🤖 AI Summary
This study addresses the problem of reconfiguring a graph embedding on a surface—without introducing edge crossings—between two crossing-free embeddings that share fixed vertex positions, by means of edge rewiring. Integrating techniques from topological graph theory and combinatorial reconfiguration, the work establishes for the first time that matchings, trees, and forests are always reconfigurable on the torus and on any orientable surface of genus at least one. These results are further extended to the projective plane, thereby transcending the prior limitation to planar surfaces. The paper demonstrates the universal reconfigurability of several important graph classes on high-genus surfaces while simultaneously showing that general graphs are not always reconfigurable, thus precisely delineating the boundary of feasibility for this problem.
📝 Abstract
We study the problem of reconfiguring a crossing-free embedding of a graph on a surface, with edges represented as curves, into another crossing-free embedding of the same graph on the same surface with the same fixed vertex positions. In this process, we reroute one edge at a time while maintaining crossing-free intermediate embeddings.

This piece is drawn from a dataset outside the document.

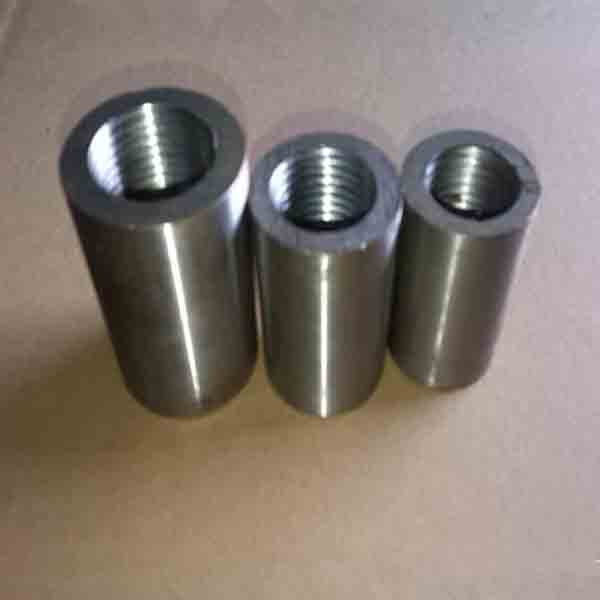 鋼筋鐓粗機操作規程以及注意事項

This problem was introduced by Ito et al. [TALG 2025], who showed that even if the graph is a matching of two edges, reconfiguration is not always possible in the plane, but is always possible on the torus. For matchings of two or more edges, they gave a necessary and sufficient condition for reconfigurable embeddings in the plane, but not on the torus. Our main result is that for matchings, trees and forests, reconfiguration is always possible on the torus, and consequently, on any orientable surface of genus at least one. In addition, we provide sufficient conditions for reconfiguration on orientable surfaces of genus at least one and in the projective plane. For more general graphs, we show that reconfiguration is not always possible.